A Strategic Response
In the context of the climate catastrophe that now confronts us, where is the Australian movement for a Green New Deal that is finding voice elsewhere? Hundreds of thousands of people see and feel the need for a radical alternative, yet a concrete political platform that can rally progressives is so far lacking.
Most socialists can agree that a new party is the goal, but the path to that end remains elusive. In order to chart a way out of this cul-de-sac, we need to think in terms of medium-term political institutions — groups, organizations, collectives, alliances, and parties — through which we can develop a left hegemony and an alternative worldview complete with priorities, values, and political demands.
The life cycle of protest movements gives us a clue how: at the outset of a movement, the “subjective moment” comes to the fore as we feel the urgency of this rally, or that protest, and we affirm that, above all, we must have more demonstrations. When exhausted, we fall back on waiting for a brighter day when the “objective conditions” will swing in our favor.

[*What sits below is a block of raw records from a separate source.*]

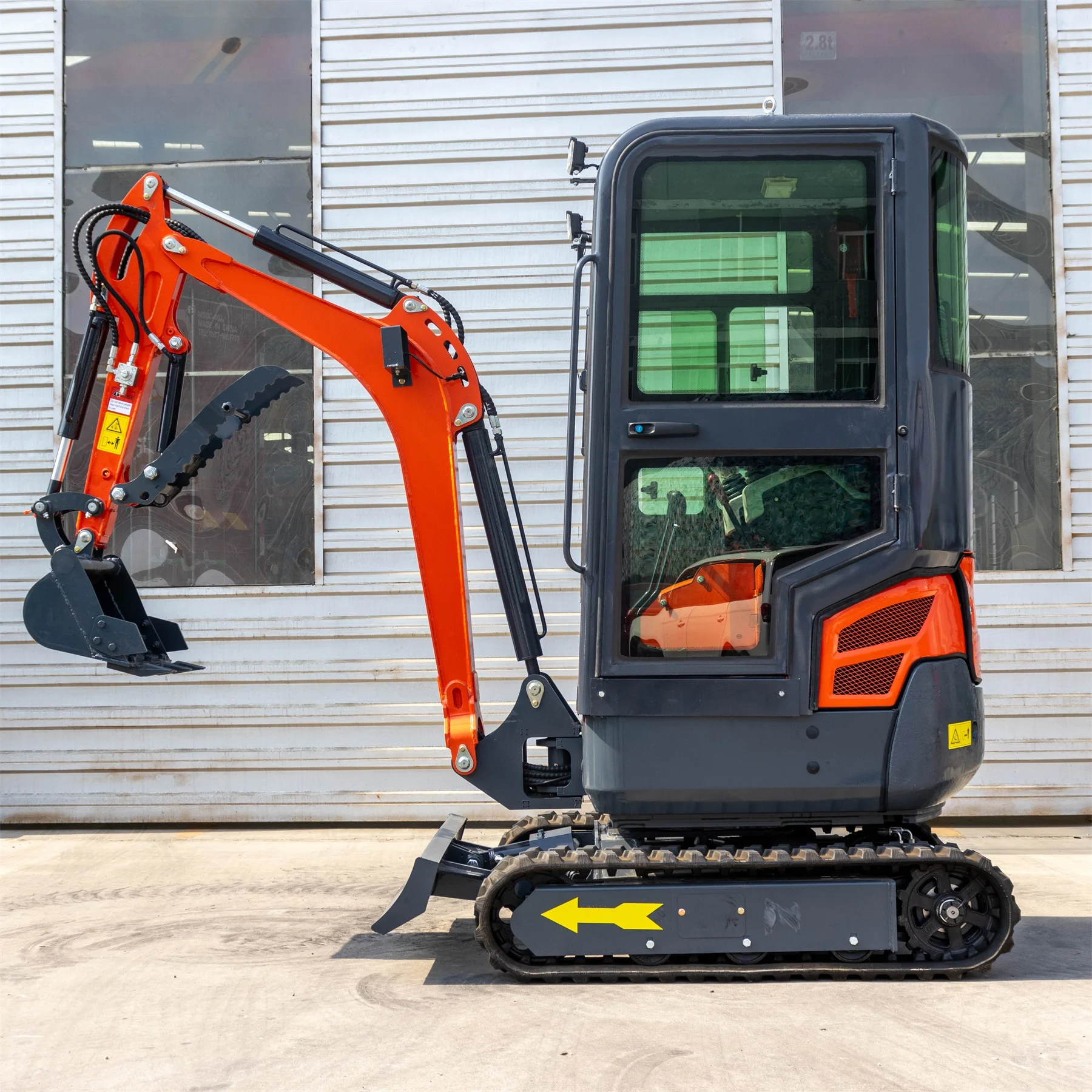 EPA Engines HT18 8 Ton Wheel Excavator with Hydraulic Pilot High/Low Speed Side Swing 1 & 2 Ton Capacity 1-Year Warranty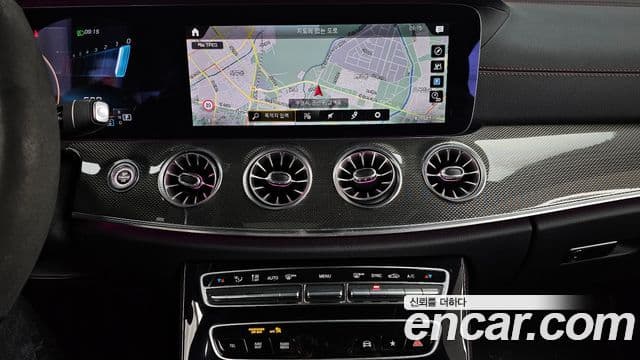 Mercedes-Benz E-Class 2021 — ფოტო 14/20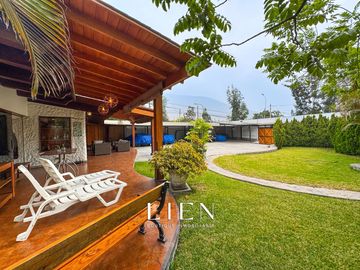 Casa de 1,150 m² con 7 Habitaciones, Terraza y 14 Estacionamientos en Sol de La Molina Etapa 1
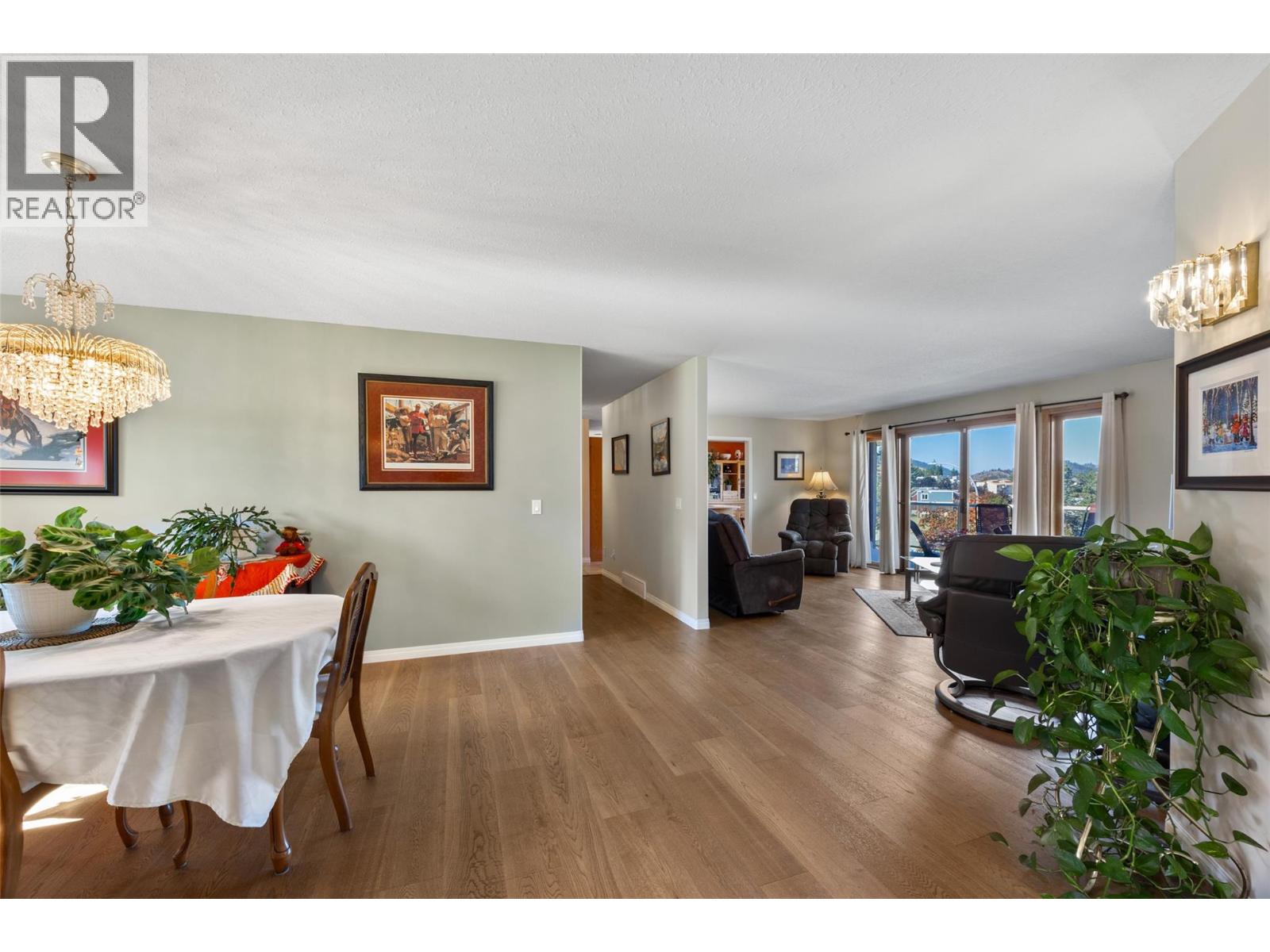 199 Coppertree Court Property Photo 4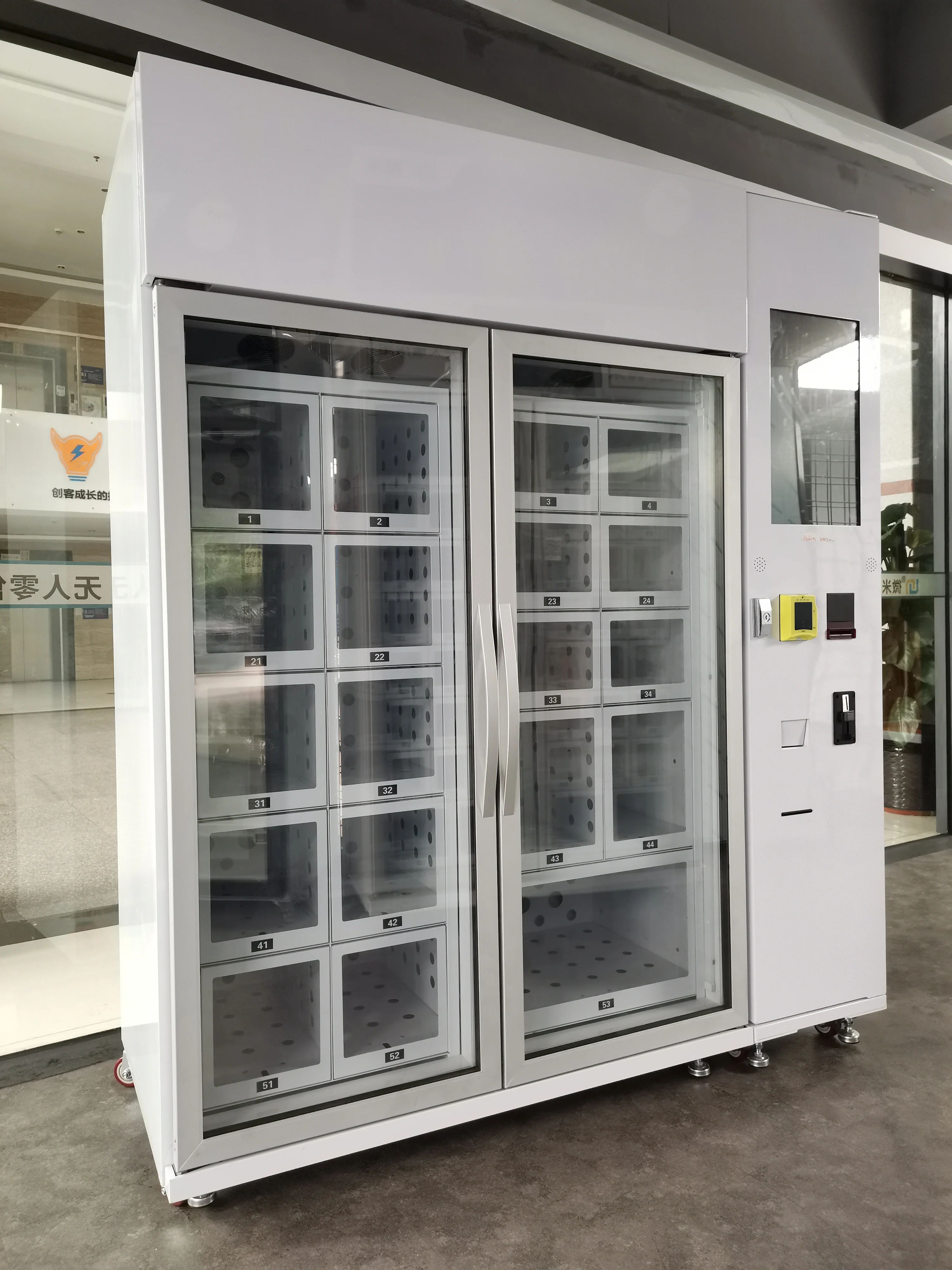 China Custom Flower Vending Machine Locker Fresh Flower Vending Machine Touch Screen Micron Smart Vending with Cooling System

By contrast, medium-term strategic thinking helps navigate this dualism. In order to measure the objective results of our subjective efforts, we must think not in terms of an urgent now or an unknown future, but in terms of a few years or a decade.
The form and content of our medium-term goals will doubtless change, depending on the context. These might include proto-party formations or coalitions (such as the Victorian Socialists), as well as united-front movement committees, alliances of left trade unions, radical student groups, artist collectives, publications, and others. Rebuilding the Left will likely involve a diverse organizational ecology. Uni Students for Climate Justice is a very new group, and its political composition and membership are not yet clear. Even so, it was able to call the rallies around the nation. This is precisely the type of development needed.
All this will ultimately require long and painstaking work. But the alternative is unimaginably worse. Recall the photograph of a young kangaroo that died while trying to pass through a wire fence — it looked a plaster cast of a Roman killed at Pompeii, caught forever in a final moment. It’s perhaps the most devastating photograph to emerge from the crisis so far. But this kangaroo was just one of an estimated billion or more animals killed in the megafires. Some species are already likely extinct, entire ecosystems destroyed.
The size, anger, and determination of the January 10 demonstrations made it clear. The political will to fight against this apocalyptic future exists. The question remains: Will the socialist left find a strategic path that allows us to channel this anger and determination into lasting, systemic change?